Graphics meets Games Talks
The following industrial talks will be presented by the authors on Wednesday through Friday (6-8 Sept).
GG1Graphics meets Games 1
Date: | Wednesday, 6th September |
Time: | 14:35-16:10 |
Location: | Lecture Room 4 |
Session Chair: | Ralf Habel |
Abstract
COLLADA is a royalty free standard 3D asset exchange format. Fostered by Sony Computer Entertainment to raise the quality of content and tools for consoles such as the PLAYSTATION 3 console, it is now an industry standard in the Khronos Group, also home of OpenGL, OpenGL ES. COLLADA has made quite a journey in its 3 years of existence. It is supported by all major DCC tools (3dsMax, Maya, XSI, Blender, ..) both in export and import, and used by many game developers on all platforms.
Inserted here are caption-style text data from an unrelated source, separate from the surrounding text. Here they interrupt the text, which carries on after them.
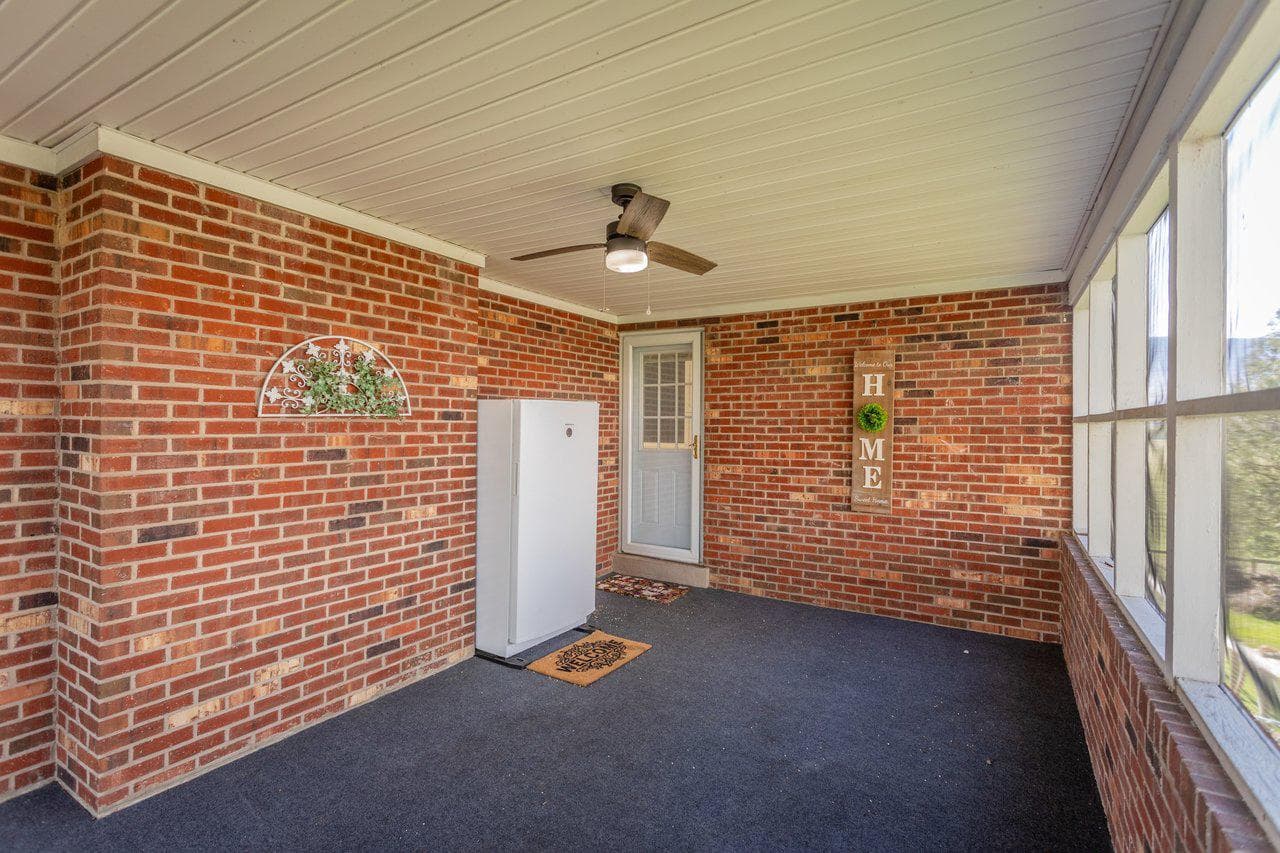 5092 Dogwood Drive photo 29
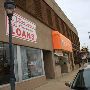 Downtown Vinita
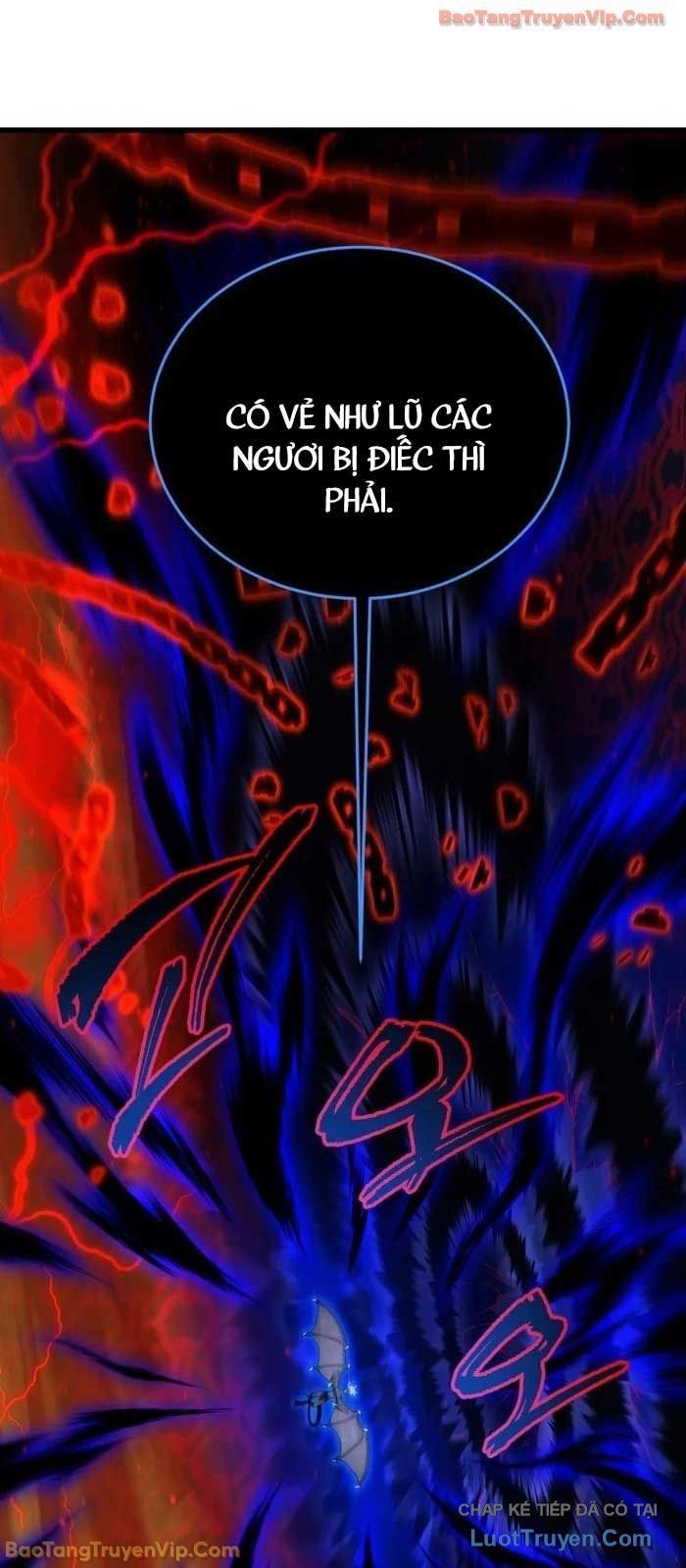 Chapter 192 - Image 74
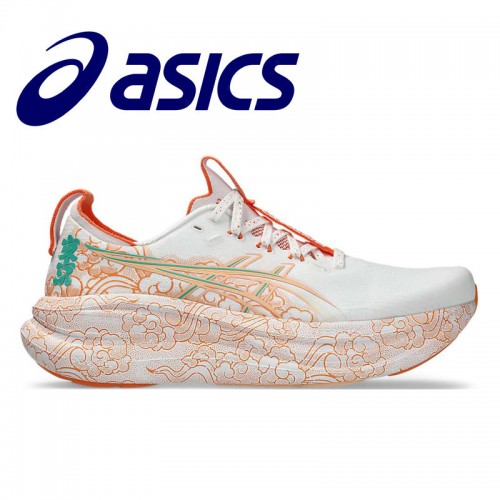 »óǰ ¼¶³×ÀÏ »óǰ ¼¶³×ÀÏ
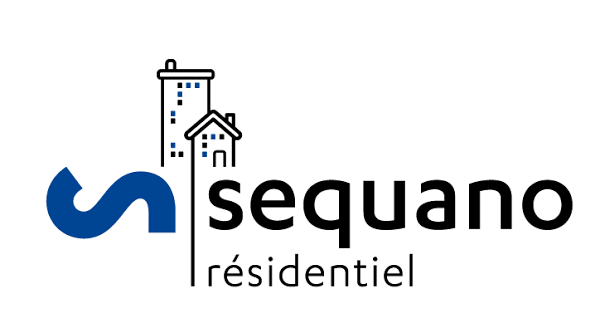 Sequano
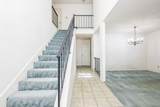 21422 Bridgepoint Lane - Photo 3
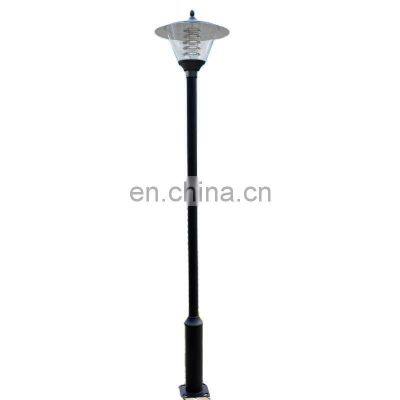 Outdoor Garden Street Light Solar Lighting Lamp Outdoor Waterproof Led Lights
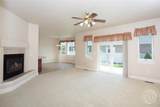1737 Crystal Drive - Photo 21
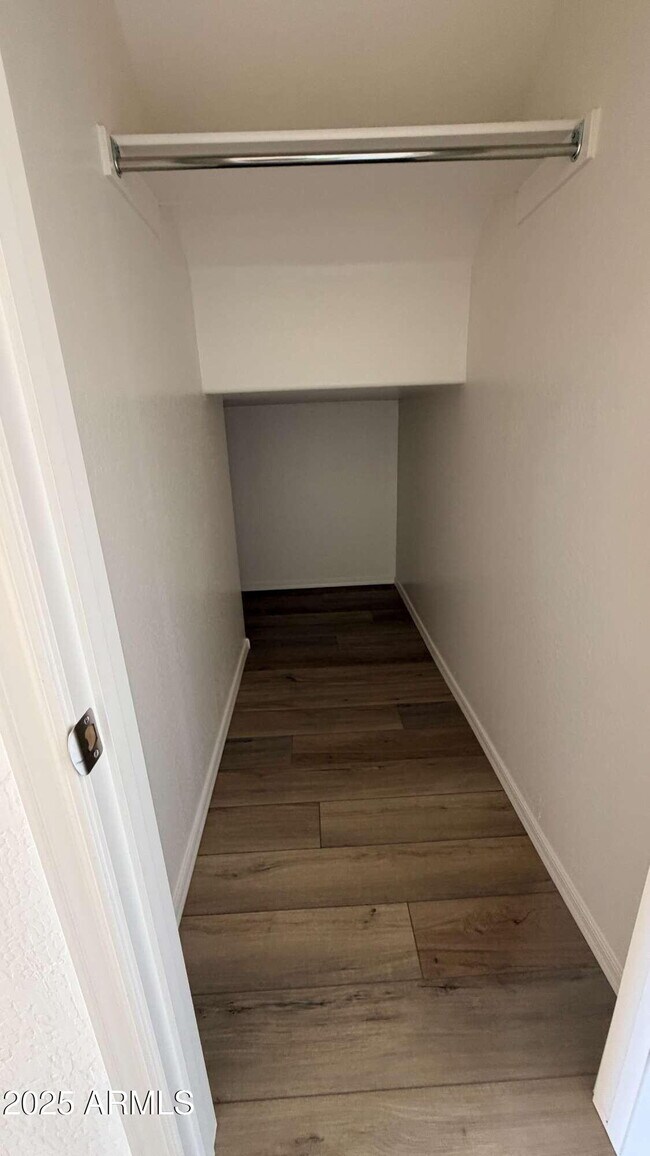 Building Photo - 36658 W San Alvarez Ave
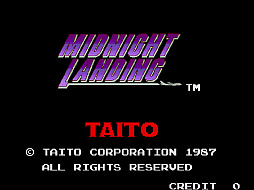 ꡼ No.001 | ɥ֥2 ߥåɥʥȥǥ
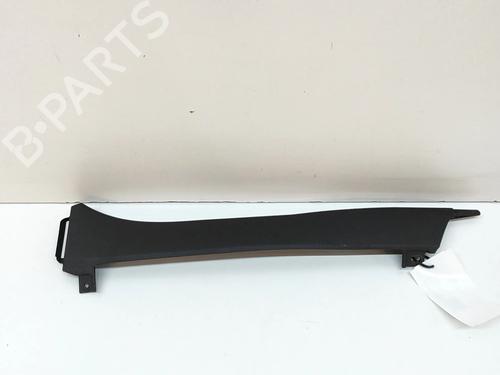 BP27798539O1 main image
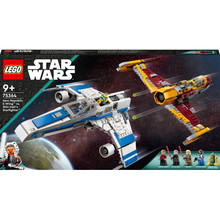 Lego Star Wars 75364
It is used as intermediate format by many game engines, such as Unreal Engine, C4 Engine, OGRE, and has advanced features such as shader FX and Physics, supported by specialized tools and libraries (FXComposer 2.0, AGEIA PhysX, Bullet,..), that are essential to nowadays content, but unfortunately not available in any other standard exchange format. This talk will provide all the information needed to take advantage of this technology, and provide some insights on its usage on the PS3.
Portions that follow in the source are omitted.